Beijing, Aktual.com – China berharap Mahkamah Pidana Internasional (ICC) dapat tetap bersikap objektif dan adil setelah mengeluarkan surat perintah penangkapan terhadap Presiden Israel Benjamin Netanyahu serta mantan Menteri Pertahanan Israel Yoav Gallant atas dugaan tindak kejahatan perang.
“Kami berharap Pengadilan Kriminal Internasional akan mempertahankan posisi yang objektif dan adil, melaksanakan tugasnya secara sah,” kata juru bicara Kementerian Luar Negeri China, Lin Jian, saat konferensi pers di Beijing pada Jumat (22/11).
Pemerintah China, ujarnya, juga berharap ICC “menafsirkan dan menerapkan Statuta Roma serta hukum internasional umum secara keseluruhan dengan itikad baik dan sejalan dengan standar yang seragam.”
ICC pada Kamis (21/11) resmi mengeluarkan surat perintah penangkapan terhadap Benjamin Netanyahu dan Yoav Gallant atas dugaan tindak kejahatan perang oleh Israel setidaknya selama 8 Oktober 2023-20 Mei 2024 di wilayah Palestina, termasuk Gaza.
Mengenai Palestina, Lin menyampaikan bahwa China selalu berpihak pada keadilan, kejujuran dan hukum internasional.
“Kami menentang semua tindakan yang melanggar hukum internasional termasuk hukum humaniter internasional dan mengutuk semua tindakan terhadap warga sipil dan fasilitas sipil,” ujarnya.
Konflik Gaza, kata Lin, masih berlarut-larut dan krisis kemanusiaan yang belum pernah terjadi sebelumnya sedang berlangsung.
“China mendukung semua upaya komunitas internasional untuk mewujudkan keadilan, kejujuran dan mempertahankan otoritas hukum internasional dalam masalah Palestina,” kata jubir.
Lin menekankan bahwa China selalu menentang pendekatan selektif terhadap hukum internasional dan standar ganda oleh negara tertentu.
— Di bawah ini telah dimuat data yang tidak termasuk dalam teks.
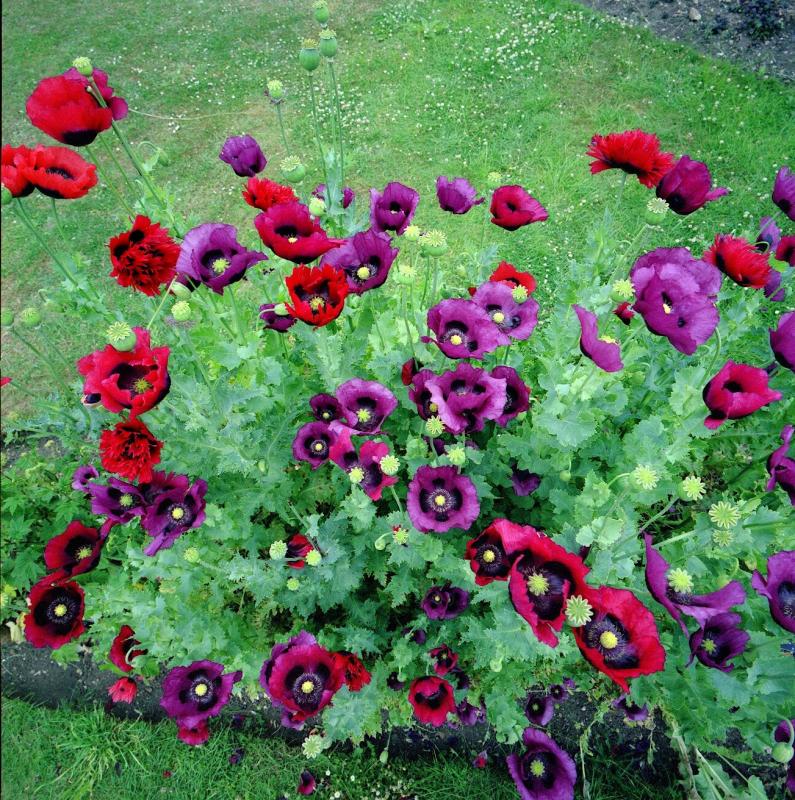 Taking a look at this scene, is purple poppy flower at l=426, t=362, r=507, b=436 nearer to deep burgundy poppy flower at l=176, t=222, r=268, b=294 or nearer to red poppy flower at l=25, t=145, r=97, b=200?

Perang di Gaza telah menewaskan sekitar 44.000 warga Palestina, sebagian besar wanita dan anak-anak, serta melukai lebih dari 103.000 lainnya.
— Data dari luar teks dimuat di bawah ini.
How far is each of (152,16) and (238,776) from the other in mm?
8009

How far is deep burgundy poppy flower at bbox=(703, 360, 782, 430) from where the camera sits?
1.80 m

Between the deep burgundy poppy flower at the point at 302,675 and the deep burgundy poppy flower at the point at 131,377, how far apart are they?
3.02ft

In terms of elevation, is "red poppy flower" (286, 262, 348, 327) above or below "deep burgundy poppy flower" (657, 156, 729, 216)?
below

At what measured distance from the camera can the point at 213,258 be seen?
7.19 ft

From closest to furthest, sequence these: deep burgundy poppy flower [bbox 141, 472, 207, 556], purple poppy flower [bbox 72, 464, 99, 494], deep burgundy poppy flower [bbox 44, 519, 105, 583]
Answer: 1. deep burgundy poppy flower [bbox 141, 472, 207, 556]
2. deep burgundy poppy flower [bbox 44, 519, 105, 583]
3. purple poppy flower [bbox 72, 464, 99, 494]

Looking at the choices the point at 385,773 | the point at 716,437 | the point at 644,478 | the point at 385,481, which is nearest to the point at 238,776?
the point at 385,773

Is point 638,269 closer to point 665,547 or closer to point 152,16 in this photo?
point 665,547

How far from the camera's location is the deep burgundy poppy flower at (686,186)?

Presiden Amerika Serikat Joe Biden menyebut keputusan ICC tersebut sebagai tindakan yang sangat keterlaluan. Ia menyatakan AS akan selalu mendukung Israel melawan ancaman terhadap keamanannya.
Keputusan ICC tersebut hanya menjadi keharusan bagi negara penandatangan Statuta Roma (disebut negara pihak). Negara yang bukan pihak wajib melakukan keputusan ICC hanya ketika dibuat perjanjian khusus.
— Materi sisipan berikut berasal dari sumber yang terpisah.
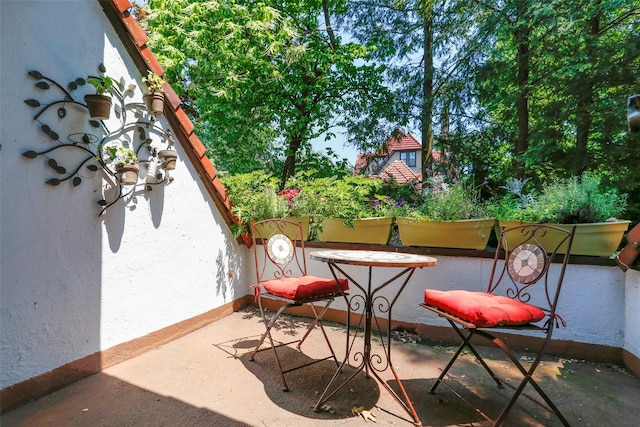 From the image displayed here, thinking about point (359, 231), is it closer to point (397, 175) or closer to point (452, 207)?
point (452, 207)

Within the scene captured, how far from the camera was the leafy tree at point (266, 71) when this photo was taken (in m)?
4.74

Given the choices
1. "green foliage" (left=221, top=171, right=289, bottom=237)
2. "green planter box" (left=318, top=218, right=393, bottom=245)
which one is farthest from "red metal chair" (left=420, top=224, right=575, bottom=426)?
"green foliage" (left=221, top=171, right=289, bottom=237)

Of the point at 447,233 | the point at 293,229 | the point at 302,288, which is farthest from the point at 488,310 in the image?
the point at 293,229

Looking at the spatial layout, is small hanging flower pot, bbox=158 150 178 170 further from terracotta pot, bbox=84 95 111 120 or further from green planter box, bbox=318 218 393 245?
green planter box, bbox=318 218 393 245

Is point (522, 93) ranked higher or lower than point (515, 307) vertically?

Saat ini, ICC tercatat memiliki sekitar 124 negara penandatangan Statuta Roma. Dari jumlah tersebut, 42 negara berasal dari kawasan Eropa, 33 dari Afrika, 29 dari benua Amerika dan 20 lainnya berasal dari kawasan Asia-Pasifik.
Amerika Serikat, Indonesia, Rusia, dan China tercatat bukan negara anggota ICC.